2 mai 1917. Voyage



2 mai De Rabat à Meknès

Quelle fête des fleurs, le voyage de Salé à Meknès, aux premiers jours de mai par un soleil déjà vif qui rend légères les sauterelles et ingambes les tortues ! Comment dire, sans monotonie, les cent kilomètres de marguerites blanches qui s’étendent de l’océan aux premières montagnes ? C’est si touffu, si droit, si homogène que l’on croirait que la petite voie de chemin de fer où file notre draisine a été creusée dans l’épaisseur même de ce tapis vert et blanc. Rien n’émerge de cette mer sans vagues sinon de temps à autre la bosse d’un chameau. Pas un arbre, pas un douar, pas un mamelon, c’est véritablement un plan comme seul en réalise la surface des eaux, et l’on se répète devant ce spectacle si nouveau : « Quel océan de fleurs, quelle mer de parfums ! » Il semble que l’on nagerait sur ces flots calmes. Il semble aussi que l’on glisserait, les pieds chaussés de skis, sur cette neige. Au bout d’une heure, l’étrangeté de cette vision porte doucement l’esprit à l’hallucination. Sont-ce bien des fleurs ? Je n’en veux plus rien croire. La fleur, c’est quelque chose de frêle qui se balance, que le poids d’une abeille courbe mollement, c’est quelque chose de joli que l’on choisit et que l’on cueille et dont on orne la table où l’on écrit, le boudoir où l’on aime… Sont-ce bien des fleurs qui hérissent ainsi le sol entre Sidi Yahia et Daït Touarfa ? N’est-ce pas plutôt la terre qui mousse par l’effet de la grande fermentation printanière ? Je ne sais plus… Je ne sais plus… C’est blanc, c’est blanc, c’est blanc… Et ce n’est pourtant ni un drap de lin, ni un tapis de laine, ni une toile peinte. Car c’est vivant dans son immobilité. C’est vivant, ça sent chaud d’une odeur âcre et lourde d’amour. Et ces milliards de points jaunes en des collerettes blanches c’est de l’amour, c’est de la fécondation, c’est de la gestation, et ce sont des milliards de milliards de marguerites en puissance et c’est pour demain de la lutte pour la vie car il faudra bien qu’elles germent ces myriades de graines fécondées, et qu’elles se développent et qu’elles élèvent leur tige parmi les tiges plus anciennes et qu’elles étouffent leurs voisines pour vivre et pour fleurir et pour s’entre-féconder dans cette immensité sablonneuse, limitée quand même par l’océan et par la montagne.
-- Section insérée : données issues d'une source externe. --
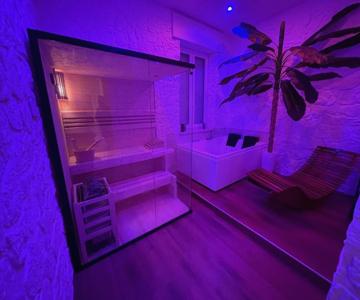 Residenza Ricci & Spa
A Dar bel Hamrri on aborde les premières collines dont les étages successifs s’élèvent jusqu’au plateau de Meknès. Il n’y a plus de marguerites blanches mais il y a des sauges panachées de rose et de blanc, il y a des ombellifères jaunes, des volubilis mauves, des petites asphodèles roses, et puis d’invraisemblables densités de fleurs bleues, rampantes, petits cornets semblables à ceux des pétunias, si nombreux que certains coins de la montagne en sont comme badigeonnés. Les talus de l’étroite voie amusent l’œil mieux que le plus beau des tapis, que le plus riche des jardins. Il règne là des chardons jaunes, blancs, violets, des résédas verts – Dieu, qu’ils sentent bon !- des minuscules gueules-de-loup violet d’évêque, des fleurs qui n’ont peut-être pas de nom et qui n’en sont que plus belles, le tout donnant ton pour ton l’effet des tapis de Rabat. A mesure que la voie s’élève je retrouve la flore des environs de Casablanca en avril, puis en mars, puis en février. Nous approchons de Meknès. A la limite de cette vaste plaine jaune sept tours carrées se dressent parmi les touffes vertes. Nous roulons. Nous roulons. Enfin des murs crénelés, enfin des ruines, enfin des palais morts, c’est bien Meknès, Meknès-aux-oliviers.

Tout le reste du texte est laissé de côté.